Output the listing below exactly, minus its images.

- _Supplied information_
• • • •

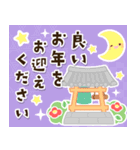 飛び出す☆大人可愛い♡お正月のご挨拶（個別スタンプ：22）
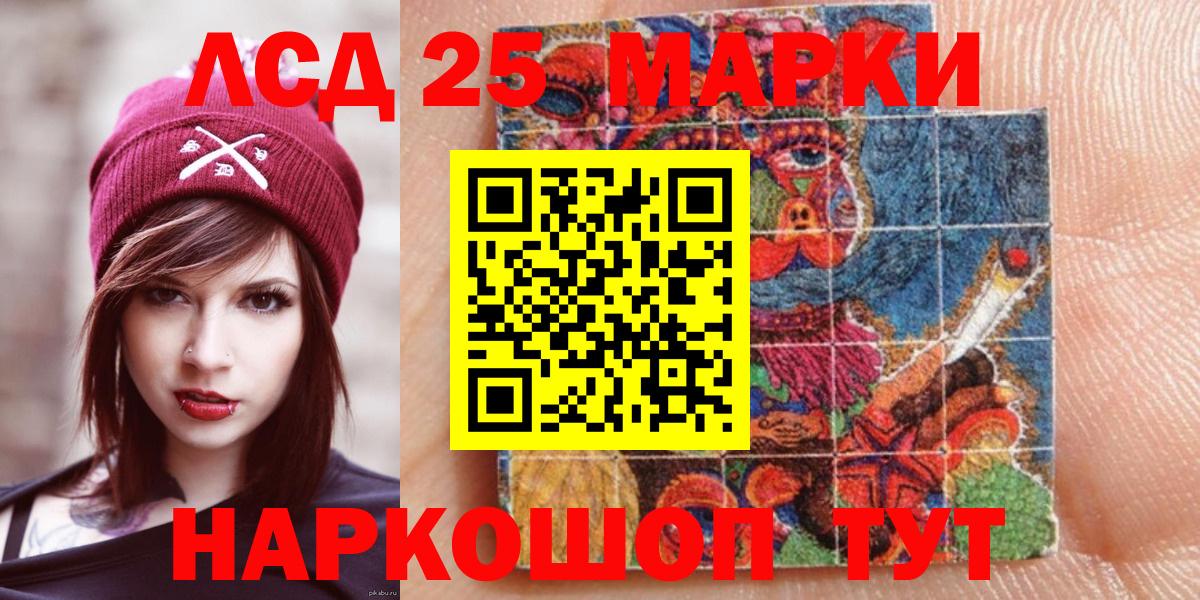 Камышин  Марки N-bome 1,5мг  Вход с VPN 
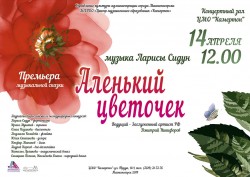 Аленький цветочек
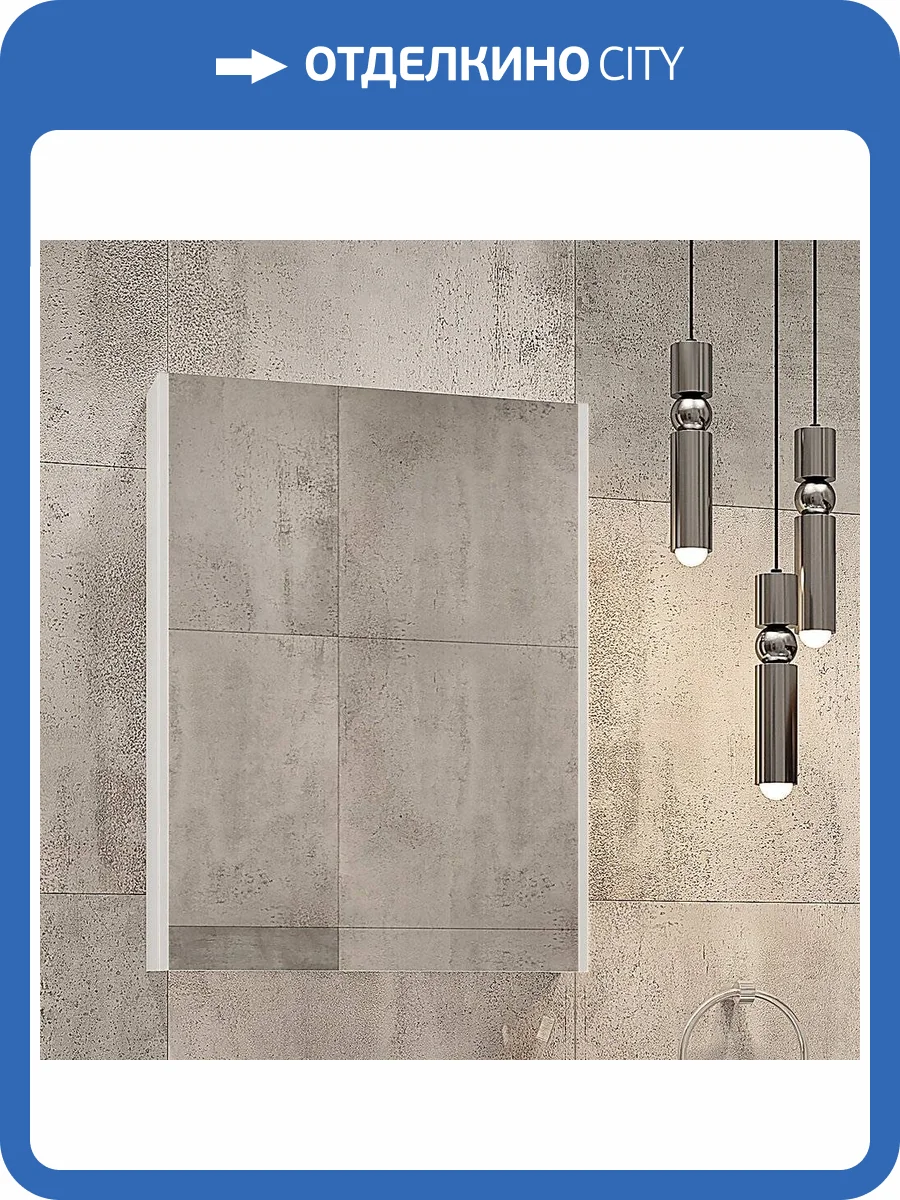 Зеркало-шкаф Velvex Klaufs 60 белое фото 5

• • • •

- _Solution for this exercise_
 飛び出す☆大人可愛い♡お正月のご挨拶（個別スタンプ：22）
 Камышин  Марки N-bome 1,5мг  Вход с VPN 
 Аленький цветочек
 Зеркало-шкаф Velvex Klaufs 60 белое фото 5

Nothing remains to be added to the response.